In France’s case, trending secularism began in 1789 with the French Revolution. Only a few years earlier, America rebelled against King George on the grounds of oppression and economics. The French rebelled against King Louis XVI because of the same reasons, but additionally rebelled against the priestly aristocracy who was the real source of social stratification. So while America was establishing Puritan and Quaker churches, the French were renaming their houses of worship Churches of Reason. This didn’t last of course because the French majority was not intent on forever abandoning their religion. However, the event certainly left its mark on France as did the Enlightenment ideas of where faith belongs in society-well out of civic issues.
So could this restriction on Muslims happen in the U.S.? Should it happen? It is certainly true that America was founded on a strict separation of church and state, but our problem is we haven’t exactly found out where that dividing line is, and who gets to draw it. Therefore, the answer to the first question is yes and no. We have already seen the uproar and attempt to prevent the Muslim mosque being built near ground zero in New York, and there have been several reports of similar outrage and action in cities and towns across America. So yes, as long as the decision is made locally we may soon see a legal restriction on some Muslim expression of faith. However, such a restriction would never be upheld by the constitutionally restricted U.S. Supreme Court.

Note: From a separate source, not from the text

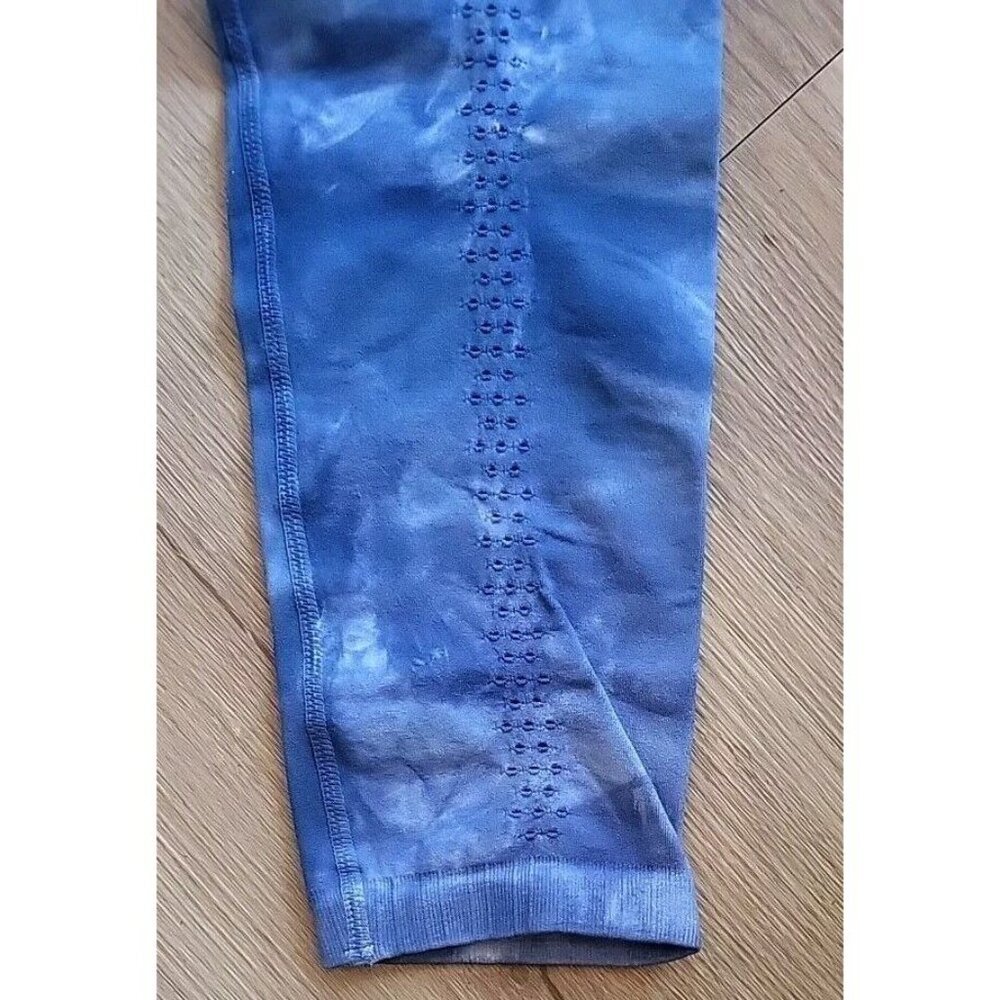 Free People Tie Dye Cropped Leggings Blue,‎ With Cut-outs Size Small - Picture 7 of 9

Perhaps the more relevant question is should such restrictions on Islam be desired? Once again the answer is not black or white but a shade of gray. Fundamentalist Islam is undoubtedly one of the most dangerous forces facing the future of global stability, but in America this threat is often not qualified with the words “fundamentalist” or “extremist”. It is an indisputable fact, that the vast majority of American Muslims are moderate, and are as assimilated as any other ethnic group in America. Moderate Muslims interpret the Koran allegorically; most significantly by interpreting jihad as an internal struggle against evil, rather than an external struggle against the infidels. However, if read literally there is no doubt that the Koran commands violence against those who oppose its teachings. The argument that is being made regularly is that America’s moderate Muslims are not doing enough to persuade their extremist brethren to interpret the Koran as they do. Now this is a simplification of the motivations behind Fundamentalist Islam, because of course, the Koran is not the only breeding ground for extremism, while it certainly makes it easier to become a martyr knowing you will be immediately rewarded for doing Allah’s work, their primary motivations are intertwined with global economics, politics, and cultural evolution.
Now here is where it gets personal for America’s Christians. Fundamentalist Christianity, characterized by a literal reading of the bible rather than the allegorical and selective exegesis of moderate or liberal Christians, is also a major threat to global stability and American civics. While Christianity has as much or more historical blood on its hands, admittedly it has evolved in to an overall less violent mode. However, the bible read literally is just as violent, xenophobic and ethnically exclusive as the Koran. Much of the universal love and brotherhood that Christianity supposedly represents is the result of interpolations by the early church leaders. Most religious scholars agree for instance that when Jesus said “love your neighbor” he was referring to your Jewish neighbor. Such statements were later stretched to form the creed of universal brotherhood. Regardless, the three thousand year history of Judeo-Christian belief is certainly not a historical exhibit of universal love and tolerance of ethnic differences. The same argument that says moderate Muslims sustain the foundation on which extremist Islam grows can be made about moderate Christians and their extremist brethren.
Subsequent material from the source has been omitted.